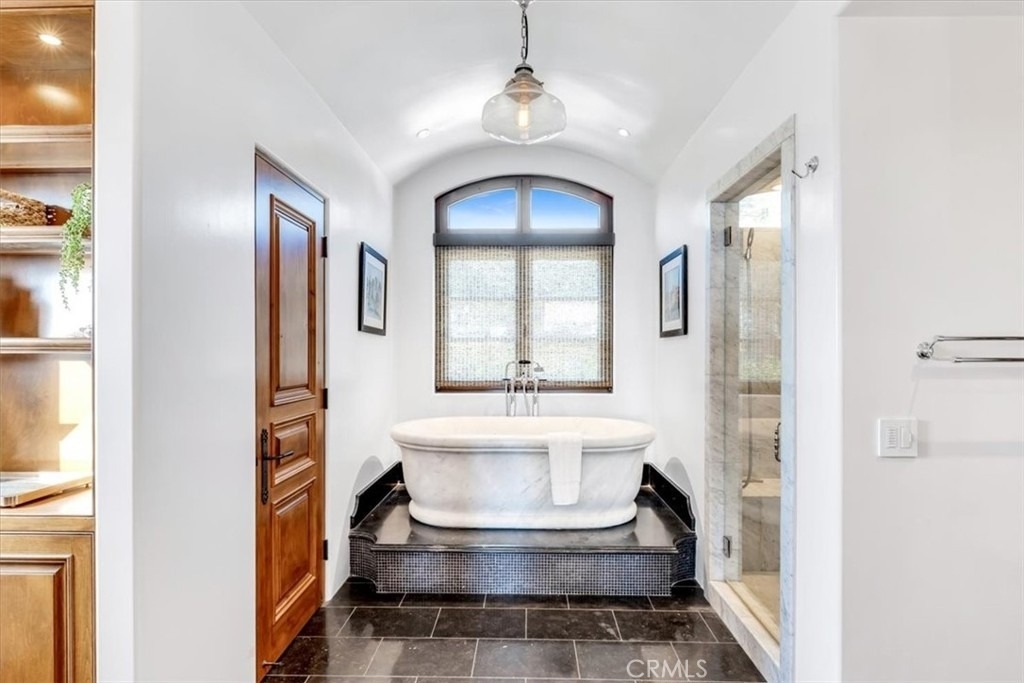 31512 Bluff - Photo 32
----
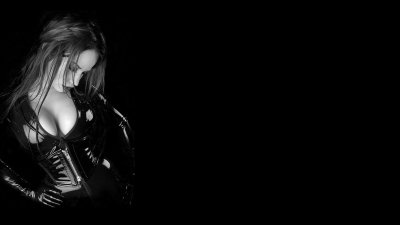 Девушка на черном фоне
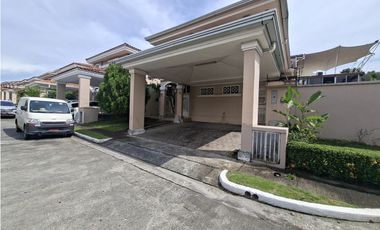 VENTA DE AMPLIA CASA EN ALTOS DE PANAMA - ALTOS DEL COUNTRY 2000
----
— AIM OF THE EXERCISE —
Using the data above, return the lines from the one holding "Девушка на черном фоне" through the one holding "VENTA DE AMPLIA" exactly, but not the pictures.

— EXERCISE RESPONSE —
 Девушка на черном фоне
 VENTA DE AMPLIA CASA EN ALTOS DE PANAMA - ALTOS DEL COUNTRY 2000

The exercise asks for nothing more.